Faisons un petit tour de bateau ensemble. Nous sommes sur un lac qui se trouve au nord-est de Hambourg, entre Kiel et Lübeck. La région est connue pour ses paysages bucoliques et ses nombreuses étendues d’eau. Celle-ci — le Grand lac de Plön — est la plus grande de toutes.

En route, nous irons voir Saint-Pierre de Bosau, une église qu’on qualifie généralement de plus petit dôme d’Allemagne et pour quelques minutes, nous remonterons dans le temps, à un moment où trois grands peuples se partagèrent le Nord de l’Allemagne : les Vikings, les Saxons et les Slaves.


Nous sommes au XIIe siècle et dans le royaume des Wagriens. Ce peuple slave venu de l’est s’est installé près de la mer Baltique, dans une contrée de forêts denses, de collines boisées et de lacs — le Holstein actuel. La capitale, Starigard, ne se trouve pas très loin de la côte tandis que les cités de Plune et de Bozowe ont été créées sur les îlots d’un très grand lac dont les contours rappellent un peu ceux de l’Afrique. Le temps est aux croisades et aux missions car l’empire saxon et l’Eglise veulent christianiser les Wagriens, repousser les frontières vers l’est et coloniser ces régions…


Helmold von Bosau, Chronique des Slaves (XLIV-XLVI)

Au début, il avait dormi sous un arbre. Evidemment, il aurait préféré s’installer dans son diocèse, mais plus on pénétrait vers l’est et plus la situation devenait dangereuse. En l’espace de deux siècles, combien de moines avaient péri en mission, victimes de la colère incalculable des Wagriens ? A peine pensait-on avoir touché leur cœur et leur âme, leur avoir appris les principes de la Chrétienté qu’ils se rebellaient. Ces peuples slaves tenaient à leurs croyances comme un enfant se cramponne à son univers plein de magie et de créatures fantastiques.

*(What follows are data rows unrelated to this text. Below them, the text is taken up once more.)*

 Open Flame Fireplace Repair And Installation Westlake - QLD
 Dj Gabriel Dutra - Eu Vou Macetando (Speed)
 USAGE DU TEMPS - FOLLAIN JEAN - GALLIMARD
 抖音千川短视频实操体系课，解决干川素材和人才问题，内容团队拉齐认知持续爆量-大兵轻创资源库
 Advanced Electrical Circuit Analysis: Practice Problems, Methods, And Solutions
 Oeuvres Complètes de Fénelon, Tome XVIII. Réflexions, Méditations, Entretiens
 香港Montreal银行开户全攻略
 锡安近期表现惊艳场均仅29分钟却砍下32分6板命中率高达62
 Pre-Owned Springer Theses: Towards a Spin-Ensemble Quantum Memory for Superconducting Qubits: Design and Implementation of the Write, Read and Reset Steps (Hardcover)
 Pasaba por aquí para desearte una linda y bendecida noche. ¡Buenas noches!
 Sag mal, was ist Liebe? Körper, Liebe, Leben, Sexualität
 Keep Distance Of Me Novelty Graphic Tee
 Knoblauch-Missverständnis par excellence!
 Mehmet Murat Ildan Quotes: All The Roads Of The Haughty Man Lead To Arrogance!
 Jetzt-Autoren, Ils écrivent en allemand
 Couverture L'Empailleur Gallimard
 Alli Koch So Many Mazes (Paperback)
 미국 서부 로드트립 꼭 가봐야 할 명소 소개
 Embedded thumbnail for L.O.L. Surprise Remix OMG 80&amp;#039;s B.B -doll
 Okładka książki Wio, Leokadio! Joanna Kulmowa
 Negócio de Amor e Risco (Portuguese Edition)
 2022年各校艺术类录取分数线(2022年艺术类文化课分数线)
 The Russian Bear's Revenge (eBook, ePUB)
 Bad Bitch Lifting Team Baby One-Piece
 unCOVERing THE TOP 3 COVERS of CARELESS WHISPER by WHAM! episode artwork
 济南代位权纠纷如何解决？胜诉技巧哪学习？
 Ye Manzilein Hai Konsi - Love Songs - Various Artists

Henri le Lion, le nouveau duc des Saxons, désirait une colonisation rapide, c’était pour cette raison qu’il lui avait donné l’île. Pour commencer, il y construirait une église et il ferait de Bozowe un lieu de lumière. Vicelin avait réfléchi, il ferait venir des artisans. Peut-être pourrait-il persuader aussi les Slaves des environs de l’aider. Comme les autres églises qu’il avait faire bâtir, elle serait en pierres. Et pour le gâchis, il ferait venir du gypse de Segeberg.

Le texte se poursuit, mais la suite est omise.